• **What you are asked to do**: What you return should be the lines from the first line of the records below through the line holding "Little Bunting - ML59506041", unchanged.

• **Material provided**:
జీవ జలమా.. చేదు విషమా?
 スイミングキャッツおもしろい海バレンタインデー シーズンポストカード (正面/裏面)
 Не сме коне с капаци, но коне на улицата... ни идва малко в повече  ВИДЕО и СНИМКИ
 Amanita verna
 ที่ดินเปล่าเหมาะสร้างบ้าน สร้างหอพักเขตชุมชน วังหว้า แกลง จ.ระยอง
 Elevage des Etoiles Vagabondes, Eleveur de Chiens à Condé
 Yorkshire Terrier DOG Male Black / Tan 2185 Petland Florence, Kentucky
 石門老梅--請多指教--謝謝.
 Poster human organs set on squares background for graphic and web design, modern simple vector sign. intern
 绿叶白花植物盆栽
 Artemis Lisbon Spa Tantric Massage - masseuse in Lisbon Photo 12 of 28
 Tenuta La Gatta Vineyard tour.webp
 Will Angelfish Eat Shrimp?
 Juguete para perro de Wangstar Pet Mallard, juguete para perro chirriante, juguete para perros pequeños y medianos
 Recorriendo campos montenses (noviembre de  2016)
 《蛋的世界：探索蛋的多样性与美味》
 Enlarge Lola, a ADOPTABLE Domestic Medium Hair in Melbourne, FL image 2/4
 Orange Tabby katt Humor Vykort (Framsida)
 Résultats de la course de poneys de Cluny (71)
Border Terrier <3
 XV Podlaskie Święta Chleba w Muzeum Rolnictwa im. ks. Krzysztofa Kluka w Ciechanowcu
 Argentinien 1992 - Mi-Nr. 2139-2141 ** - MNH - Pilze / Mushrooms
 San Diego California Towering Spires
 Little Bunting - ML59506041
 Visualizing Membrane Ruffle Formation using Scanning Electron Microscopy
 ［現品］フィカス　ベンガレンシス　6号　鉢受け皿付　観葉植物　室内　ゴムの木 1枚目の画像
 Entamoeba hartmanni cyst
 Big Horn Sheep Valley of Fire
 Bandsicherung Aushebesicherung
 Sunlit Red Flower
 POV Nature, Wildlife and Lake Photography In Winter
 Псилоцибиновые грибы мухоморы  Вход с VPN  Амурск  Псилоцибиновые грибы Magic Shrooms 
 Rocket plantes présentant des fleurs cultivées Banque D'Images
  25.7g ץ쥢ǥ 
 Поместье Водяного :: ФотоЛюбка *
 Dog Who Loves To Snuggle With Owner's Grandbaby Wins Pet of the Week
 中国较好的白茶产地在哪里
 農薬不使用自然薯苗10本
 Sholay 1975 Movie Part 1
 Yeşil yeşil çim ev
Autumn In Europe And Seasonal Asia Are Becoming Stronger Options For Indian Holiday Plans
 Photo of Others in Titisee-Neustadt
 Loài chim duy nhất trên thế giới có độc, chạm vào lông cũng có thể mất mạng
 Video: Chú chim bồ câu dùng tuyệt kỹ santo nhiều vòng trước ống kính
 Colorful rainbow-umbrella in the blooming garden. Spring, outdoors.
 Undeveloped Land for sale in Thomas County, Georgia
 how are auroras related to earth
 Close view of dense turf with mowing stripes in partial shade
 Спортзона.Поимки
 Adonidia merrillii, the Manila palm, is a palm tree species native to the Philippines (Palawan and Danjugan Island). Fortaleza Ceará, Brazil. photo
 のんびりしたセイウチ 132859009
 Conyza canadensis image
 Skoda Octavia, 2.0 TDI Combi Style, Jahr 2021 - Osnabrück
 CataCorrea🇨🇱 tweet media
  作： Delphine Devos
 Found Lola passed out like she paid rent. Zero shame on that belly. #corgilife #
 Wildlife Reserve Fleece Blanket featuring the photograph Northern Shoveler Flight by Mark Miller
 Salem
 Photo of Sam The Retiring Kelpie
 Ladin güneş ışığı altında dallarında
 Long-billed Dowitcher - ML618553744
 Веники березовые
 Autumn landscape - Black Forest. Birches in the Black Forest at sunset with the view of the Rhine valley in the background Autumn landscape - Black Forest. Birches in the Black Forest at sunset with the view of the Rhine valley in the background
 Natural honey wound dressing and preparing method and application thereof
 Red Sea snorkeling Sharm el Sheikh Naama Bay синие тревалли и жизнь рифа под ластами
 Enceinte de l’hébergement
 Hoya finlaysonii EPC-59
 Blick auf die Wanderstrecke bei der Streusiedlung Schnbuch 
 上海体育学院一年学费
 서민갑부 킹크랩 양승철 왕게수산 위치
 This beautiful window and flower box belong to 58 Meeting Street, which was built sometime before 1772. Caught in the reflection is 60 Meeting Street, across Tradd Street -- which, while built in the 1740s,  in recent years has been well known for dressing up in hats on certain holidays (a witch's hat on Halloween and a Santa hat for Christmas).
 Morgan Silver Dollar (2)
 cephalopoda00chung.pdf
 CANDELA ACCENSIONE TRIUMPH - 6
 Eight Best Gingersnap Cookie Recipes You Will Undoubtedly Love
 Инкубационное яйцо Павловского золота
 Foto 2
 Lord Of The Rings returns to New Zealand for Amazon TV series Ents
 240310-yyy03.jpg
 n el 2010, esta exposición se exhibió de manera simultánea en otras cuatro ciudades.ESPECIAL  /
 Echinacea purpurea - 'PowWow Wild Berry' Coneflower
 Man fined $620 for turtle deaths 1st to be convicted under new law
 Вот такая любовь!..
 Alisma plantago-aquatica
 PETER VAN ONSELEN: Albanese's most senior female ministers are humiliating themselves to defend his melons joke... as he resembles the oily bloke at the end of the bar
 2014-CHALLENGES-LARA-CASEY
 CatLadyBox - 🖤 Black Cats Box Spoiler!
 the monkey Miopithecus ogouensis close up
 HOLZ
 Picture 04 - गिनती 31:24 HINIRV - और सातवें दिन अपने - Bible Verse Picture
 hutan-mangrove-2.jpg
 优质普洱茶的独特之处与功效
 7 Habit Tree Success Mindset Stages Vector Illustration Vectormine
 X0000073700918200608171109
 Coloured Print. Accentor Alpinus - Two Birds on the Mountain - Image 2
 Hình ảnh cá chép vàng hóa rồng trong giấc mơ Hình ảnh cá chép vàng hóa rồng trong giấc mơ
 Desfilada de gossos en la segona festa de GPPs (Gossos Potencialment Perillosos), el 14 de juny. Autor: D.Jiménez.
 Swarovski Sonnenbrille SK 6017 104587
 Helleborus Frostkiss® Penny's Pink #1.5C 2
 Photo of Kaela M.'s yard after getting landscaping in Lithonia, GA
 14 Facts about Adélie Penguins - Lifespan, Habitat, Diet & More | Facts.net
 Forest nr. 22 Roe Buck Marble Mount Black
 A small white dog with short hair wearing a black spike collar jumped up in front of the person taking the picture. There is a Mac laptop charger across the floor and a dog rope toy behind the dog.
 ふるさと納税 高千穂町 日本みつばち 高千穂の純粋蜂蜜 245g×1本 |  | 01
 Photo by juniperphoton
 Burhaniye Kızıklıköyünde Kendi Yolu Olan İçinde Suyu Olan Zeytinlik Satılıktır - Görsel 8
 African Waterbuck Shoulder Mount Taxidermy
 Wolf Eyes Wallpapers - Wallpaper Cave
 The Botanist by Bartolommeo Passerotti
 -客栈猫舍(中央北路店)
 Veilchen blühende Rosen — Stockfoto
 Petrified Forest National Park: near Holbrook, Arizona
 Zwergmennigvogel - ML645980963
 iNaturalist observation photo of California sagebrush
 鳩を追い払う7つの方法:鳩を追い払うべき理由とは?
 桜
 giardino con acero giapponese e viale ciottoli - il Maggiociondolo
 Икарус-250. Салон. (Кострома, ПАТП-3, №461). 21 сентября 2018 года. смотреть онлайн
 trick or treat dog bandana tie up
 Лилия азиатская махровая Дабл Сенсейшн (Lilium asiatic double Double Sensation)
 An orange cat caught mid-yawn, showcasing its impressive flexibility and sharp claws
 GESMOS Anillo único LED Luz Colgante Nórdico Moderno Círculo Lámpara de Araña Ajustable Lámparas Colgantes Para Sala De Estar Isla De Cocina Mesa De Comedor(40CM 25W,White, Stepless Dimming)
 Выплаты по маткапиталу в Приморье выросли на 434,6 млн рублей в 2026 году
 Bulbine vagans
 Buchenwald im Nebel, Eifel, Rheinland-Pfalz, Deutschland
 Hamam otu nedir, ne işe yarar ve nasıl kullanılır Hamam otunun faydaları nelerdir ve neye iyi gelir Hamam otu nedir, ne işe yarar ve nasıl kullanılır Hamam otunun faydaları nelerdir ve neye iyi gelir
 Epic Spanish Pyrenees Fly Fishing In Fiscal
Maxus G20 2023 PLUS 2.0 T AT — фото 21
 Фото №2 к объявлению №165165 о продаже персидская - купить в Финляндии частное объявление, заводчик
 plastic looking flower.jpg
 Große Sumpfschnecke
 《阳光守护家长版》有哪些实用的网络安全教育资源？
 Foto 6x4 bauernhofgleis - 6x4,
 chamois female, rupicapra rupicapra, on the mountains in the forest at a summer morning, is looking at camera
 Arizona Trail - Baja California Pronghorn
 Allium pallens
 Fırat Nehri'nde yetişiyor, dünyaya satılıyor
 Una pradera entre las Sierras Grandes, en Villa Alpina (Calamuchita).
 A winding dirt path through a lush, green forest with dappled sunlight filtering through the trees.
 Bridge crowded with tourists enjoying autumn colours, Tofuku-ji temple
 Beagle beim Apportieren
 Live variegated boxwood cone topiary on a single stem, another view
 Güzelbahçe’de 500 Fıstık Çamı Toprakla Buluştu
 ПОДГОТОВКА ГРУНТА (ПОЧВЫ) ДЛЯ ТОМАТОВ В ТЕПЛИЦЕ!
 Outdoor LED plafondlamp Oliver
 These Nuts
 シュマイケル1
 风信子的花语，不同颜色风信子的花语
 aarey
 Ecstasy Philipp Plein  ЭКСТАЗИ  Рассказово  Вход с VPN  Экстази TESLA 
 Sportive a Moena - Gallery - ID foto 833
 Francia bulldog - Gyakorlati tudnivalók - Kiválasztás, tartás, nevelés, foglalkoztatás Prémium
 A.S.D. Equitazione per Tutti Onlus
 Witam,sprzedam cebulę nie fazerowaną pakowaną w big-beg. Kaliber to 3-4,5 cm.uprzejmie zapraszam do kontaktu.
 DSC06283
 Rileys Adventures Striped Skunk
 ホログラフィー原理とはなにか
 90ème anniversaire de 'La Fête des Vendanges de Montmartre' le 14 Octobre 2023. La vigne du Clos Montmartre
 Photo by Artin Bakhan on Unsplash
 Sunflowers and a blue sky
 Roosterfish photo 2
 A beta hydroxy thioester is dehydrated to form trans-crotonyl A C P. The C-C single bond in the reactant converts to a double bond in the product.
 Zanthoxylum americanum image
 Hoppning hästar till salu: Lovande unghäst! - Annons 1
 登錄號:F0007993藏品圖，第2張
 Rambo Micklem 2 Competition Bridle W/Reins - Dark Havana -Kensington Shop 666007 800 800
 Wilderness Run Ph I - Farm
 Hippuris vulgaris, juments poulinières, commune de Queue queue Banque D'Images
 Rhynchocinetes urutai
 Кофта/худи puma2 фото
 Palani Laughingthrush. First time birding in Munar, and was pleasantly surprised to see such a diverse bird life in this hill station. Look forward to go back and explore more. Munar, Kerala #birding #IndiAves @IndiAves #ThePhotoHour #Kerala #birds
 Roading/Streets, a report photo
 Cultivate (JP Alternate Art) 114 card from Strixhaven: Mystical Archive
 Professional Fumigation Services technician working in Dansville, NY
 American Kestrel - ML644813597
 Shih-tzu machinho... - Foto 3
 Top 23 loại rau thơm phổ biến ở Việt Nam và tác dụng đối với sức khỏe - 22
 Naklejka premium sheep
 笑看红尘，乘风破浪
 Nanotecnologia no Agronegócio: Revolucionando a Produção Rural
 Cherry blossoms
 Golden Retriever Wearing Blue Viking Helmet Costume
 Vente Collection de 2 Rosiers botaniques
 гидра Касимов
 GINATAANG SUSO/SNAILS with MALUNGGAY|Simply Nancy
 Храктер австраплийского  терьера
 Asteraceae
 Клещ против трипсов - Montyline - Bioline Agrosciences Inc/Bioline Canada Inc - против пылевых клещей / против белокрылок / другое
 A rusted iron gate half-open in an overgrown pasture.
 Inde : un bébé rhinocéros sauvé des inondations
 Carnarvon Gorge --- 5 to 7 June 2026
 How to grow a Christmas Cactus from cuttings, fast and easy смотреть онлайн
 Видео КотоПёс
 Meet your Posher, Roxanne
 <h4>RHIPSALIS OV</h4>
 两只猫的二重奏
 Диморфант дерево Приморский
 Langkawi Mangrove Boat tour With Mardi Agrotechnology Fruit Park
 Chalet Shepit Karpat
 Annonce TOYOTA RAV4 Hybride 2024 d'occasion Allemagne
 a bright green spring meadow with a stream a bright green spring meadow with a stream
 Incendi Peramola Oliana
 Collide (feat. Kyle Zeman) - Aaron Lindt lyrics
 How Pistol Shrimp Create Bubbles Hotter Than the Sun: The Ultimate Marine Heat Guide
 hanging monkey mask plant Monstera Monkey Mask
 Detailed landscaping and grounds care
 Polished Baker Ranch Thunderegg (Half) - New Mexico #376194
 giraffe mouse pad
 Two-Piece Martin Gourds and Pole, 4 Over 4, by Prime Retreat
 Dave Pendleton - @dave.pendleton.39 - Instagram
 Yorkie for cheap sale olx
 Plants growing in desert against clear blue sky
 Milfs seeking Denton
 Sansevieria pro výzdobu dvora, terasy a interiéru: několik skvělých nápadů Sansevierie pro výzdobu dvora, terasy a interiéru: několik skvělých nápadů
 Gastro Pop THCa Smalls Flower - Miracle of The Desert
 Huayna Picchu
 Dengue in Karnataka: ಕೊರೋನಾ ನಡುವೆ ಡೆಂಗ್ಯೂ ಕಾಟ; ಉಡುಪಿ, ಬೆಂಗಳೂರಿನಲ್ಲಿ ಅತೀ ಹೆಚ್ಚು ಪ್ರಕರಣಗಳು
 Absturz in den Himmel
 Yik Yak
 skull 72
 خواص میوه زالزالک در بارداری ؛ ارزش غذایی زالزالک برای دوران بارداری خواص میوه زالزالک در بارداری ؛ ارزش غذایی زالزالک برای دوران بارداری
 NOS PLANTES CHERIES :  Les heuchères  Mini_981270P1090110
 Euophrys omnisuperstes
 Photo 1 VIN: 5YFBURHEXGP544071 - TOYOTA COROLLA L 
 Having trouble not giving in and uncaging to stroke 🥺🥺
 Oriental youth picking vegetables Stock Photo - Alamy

• **Task response**:
జీవ జలమా.. చేదు విషమా?
 スイミングキャッツおもしろい海バレンタインデー シーズンポストカード (正面/裏面)
 Не сме коне с капаци, но коне на улицата... ни идва малко в повече  ВИДЕО и СНИМКИ
 Amanita verna
 ที่ดินเปล่าเหมาะสร้างบ้าน สร้างหอพักเขตชุมชน วังหว้า แกลง จ.ระยอง
 Elevage des Etoiles Vagabondes, Eleveur de Chiens à Condé
 Yorkshire Terrier DOG Male Black / Tan 2185 Petland Florence, Kentucky
 石門老梅--請多指教--謝謝.
 Poster human organs set on squares background for graphic and web design, modern simple vector sign. intern
 绿叶白花植物盆栽
 Artemis Lisbon Spa Tantric Massage - masseuse in Lisbon Photo 12 of 28
 Tenuta La Gatta Vineyard tour.webp
 Will Angelfish Eat Shrimp?
 Juguete para perro de Wangstar Pet Mallard, juguete para perro chirriante, juguete para perros pequeños y medianos
 Recorriendo campos montenses (noviembre de  2016)
 《蛋的世界：探索蛋的多样性与美味》
 Enlarge Lola, a ADOPTABLE Domestic Medium Hair in Melbourne, FL image 2/4
 Orange Tabby katt Humor Vykort (Framsida)
 Résultats de la course de poneys de Cluny (71)
Border Terrier <3
 XV Podlaskie Święta Chleba w Muzeum Rolnictwa im. ks. Krzysztofa Kluka w Ciechanowcu
 Argentinien 1992 - Mi-Nr. 2139-2141 ** - MNH - Pilze / Mushrooms
 San Diego California Towering Spires
 Little Bunting - ML59506041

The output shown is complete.